Numa série de encontros, a partir
de 2016, entre membros da diretoria do Instituto Brasileiro de Direito de
Família - IBDFAM deu origem a um anteprojeto de reforma do Direito das
Sucessões, que está presente no Código Civil, em vigor desde 2003. A iniciativa
resultou no Projeto de Lei nº 3799/2019, de autoria da senadora Soraya
Thronicke (PSL/MS), formulado em parceria com o IBDFAM.
A proposta é de modernização do
Direito das Sucessões, com a correção de discriminações presentes na legislação
vigente. O projeto de lei expõe dúvidas e brechas que dão origem a discussões
doutrinárias, além de contraditórias posições na jurisprudência.
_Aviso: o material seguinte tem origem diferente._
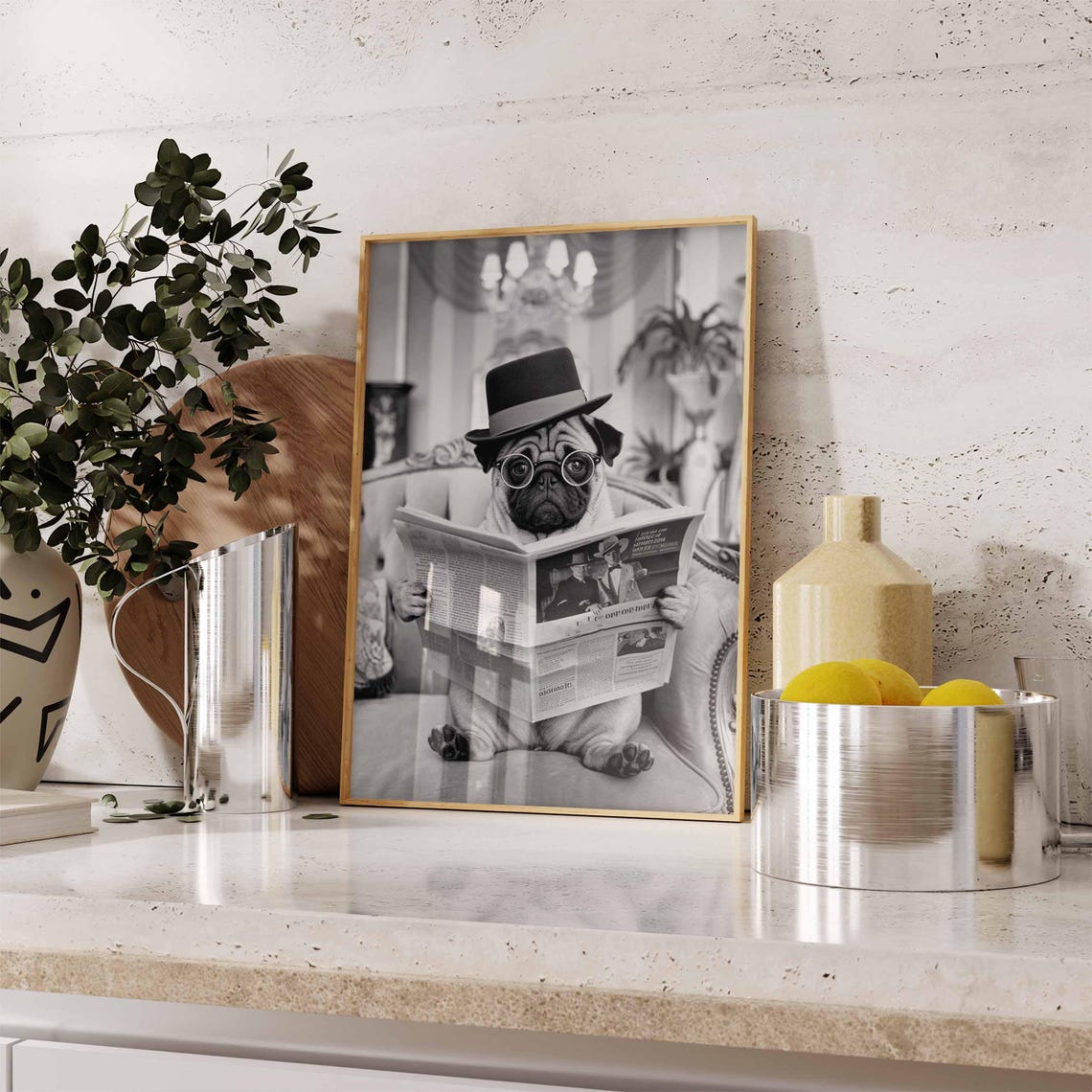Pug In Top Hat And Round Glasses Reading Newspaper On Sofa Poster - Image 2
Se aprovado,
implicará em alterações na sucessão em geral, sucessão legítima, sucessão
testamentária, inventário e partilha.
De acordo com Mário Luiz Delgado,
presidente da Comissão de Assuntos Legislativos do IBDFAM, os direitos
sucessórios elencados no Código Civil de 2002 estão desatualizados desde que
entraram em vigor. "Temos regras excessivamente formalistas voltadas a um
modelo de família casamentária, patriarcal e patrimonialista”, critica.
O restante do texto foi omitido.